When children are involved, divorce can be complex due to determining custody, parenting schedules and child support. Adding in a parent who is active in the military can make these things more challenging to figure out.
Although custody issues may be the main focus for military families going through divorce, active duty also affects the calculation and modification of child support. Knowing the law concerning these issues can help you financially prepare, whether you are the obligor (payer) or obligee (payee).
Calculating child support
The basic guidelines for establishing the amount of child support are the same for all families:
- Number and ages of children
- Income of each parent
- Custody arrangement
- Special needs of the children
However, additional factors may apply for active servicemembers. For example, does frequent deployment of the military parent mean the stateside parent cares for the children all the time? Are both parents in the military? Will spousal support also be necessary if one spouse turned down education and employment to be the primary caretaker while the military spouse was serving abroad? An attorney can review your case with you to estimate what child support would look like for your situation.
Modifying child support
If you and your ex do not come up with your own agreement, the court will decide on the payment amount based on what is best under the current circumstances.
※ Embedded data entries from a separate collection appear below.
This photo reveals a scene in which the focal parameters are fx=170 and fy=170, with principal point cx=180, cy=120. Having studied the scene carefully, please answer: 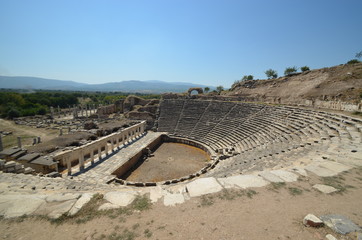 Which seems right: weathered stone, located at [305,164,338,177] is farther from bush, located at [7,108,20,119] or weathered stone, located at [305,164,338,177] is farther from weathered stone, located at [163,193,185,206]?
bush, located at [7,108,20,119]

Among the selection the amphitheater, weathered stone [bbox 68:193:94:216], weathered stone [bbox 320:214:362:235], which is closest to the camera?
weathered stone [bbox 320:214:362:235]

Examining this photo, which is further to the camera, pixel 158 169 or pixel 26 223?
pixel 158 169

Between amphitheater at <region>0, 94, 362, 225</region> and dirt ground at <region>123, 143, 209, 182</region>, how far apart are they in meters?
0.69

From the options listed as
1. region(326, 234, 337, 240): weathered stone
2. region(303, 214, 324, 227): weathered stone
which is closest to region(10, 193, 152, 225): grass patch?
region(303, 214, 324, 227): weathered stone

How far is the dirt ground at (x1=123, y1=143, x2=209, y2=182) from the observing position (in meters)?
13.3

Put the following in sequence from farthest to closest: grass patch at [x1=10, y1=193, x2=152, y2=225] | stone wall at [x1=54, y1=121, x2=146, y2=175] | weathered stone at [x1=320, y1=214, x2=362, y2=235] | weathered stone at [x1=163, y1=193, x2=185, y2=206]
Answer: stone wall at [x1=54, y1=121, x2=146, y2=175]
weathered stone at [x1=163, y1=193, x2=185, y2=206]
grass patch at [x1=10, y1=193, x2=152, y2=225]
weathered stone at [x1=320, y1=214, x2=362, y2=235]

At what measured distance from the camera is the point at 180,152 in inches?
736

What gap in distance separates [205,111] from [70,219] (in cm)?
2347

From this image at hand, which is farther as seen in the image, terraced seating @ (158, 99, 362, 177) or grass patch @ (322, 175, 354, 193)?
terraced seating @ (158, 99, 362, 177)

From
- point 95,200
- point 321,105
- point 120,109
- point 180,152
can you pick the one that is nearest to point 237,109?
point 321,105

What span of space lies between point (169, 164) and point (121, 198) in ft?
36.8

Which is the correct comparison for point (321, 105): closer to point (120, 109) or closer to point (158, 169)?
point (158, 169)

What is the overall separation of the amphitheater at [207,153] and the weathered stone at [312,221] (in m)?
1.57

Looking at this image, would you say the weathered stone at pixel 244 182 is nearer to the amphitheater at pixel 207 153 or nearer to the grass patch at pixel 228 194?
the amphitheater at pixel 207 153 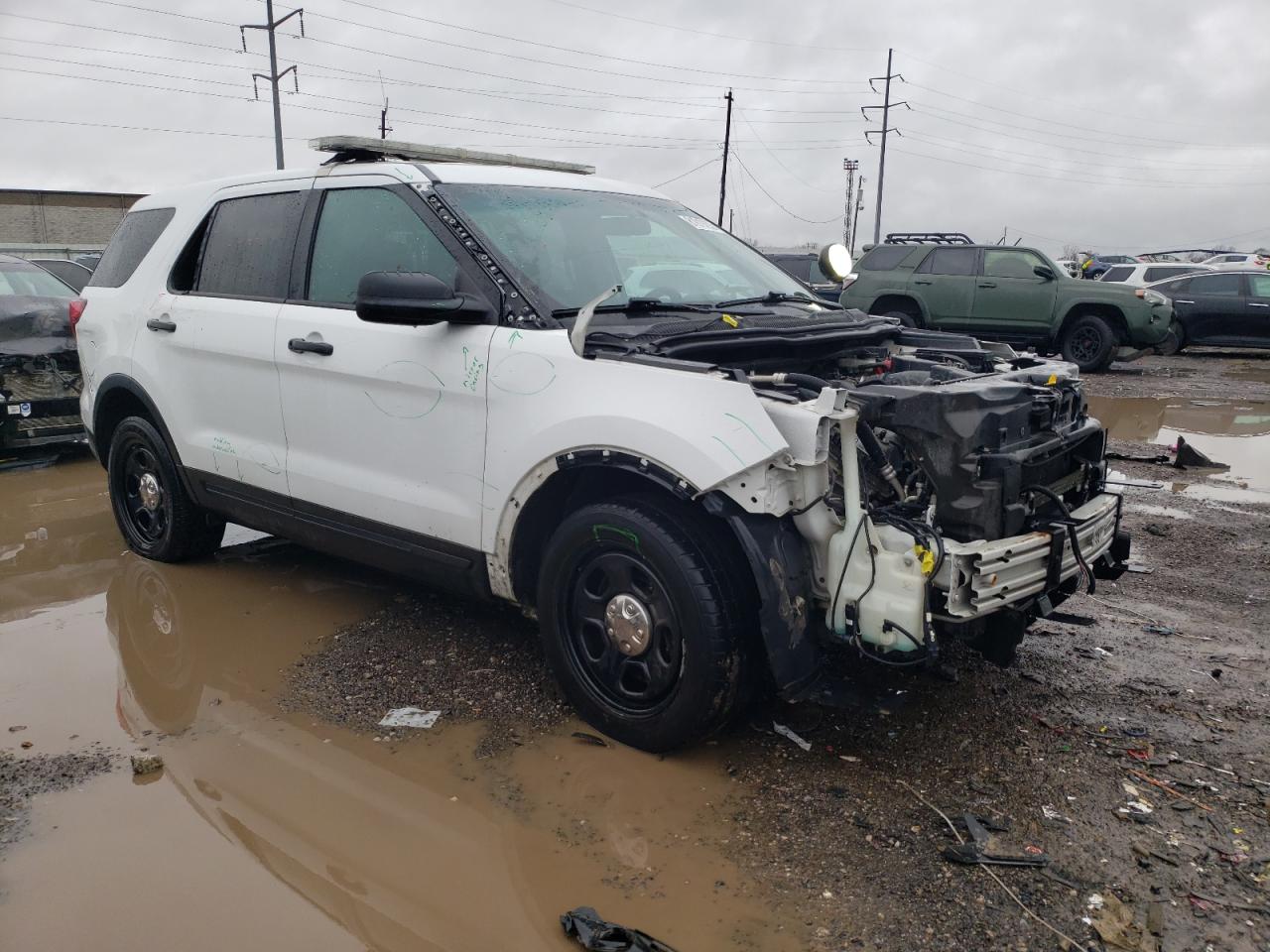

When those circumstances change, you can request a modification of the child support order. For example, a military spouse who faces deployment can petition for a review to reduce the payment amount. Usually, the reduction will only last until the parent returns, and then the original amount will continue. Promotions to higher-paying positions may be cause for the obligee to pursue a modification to increase the amount. Retiring from the military will also affect child support, especially as it will probably change the custody arrangement.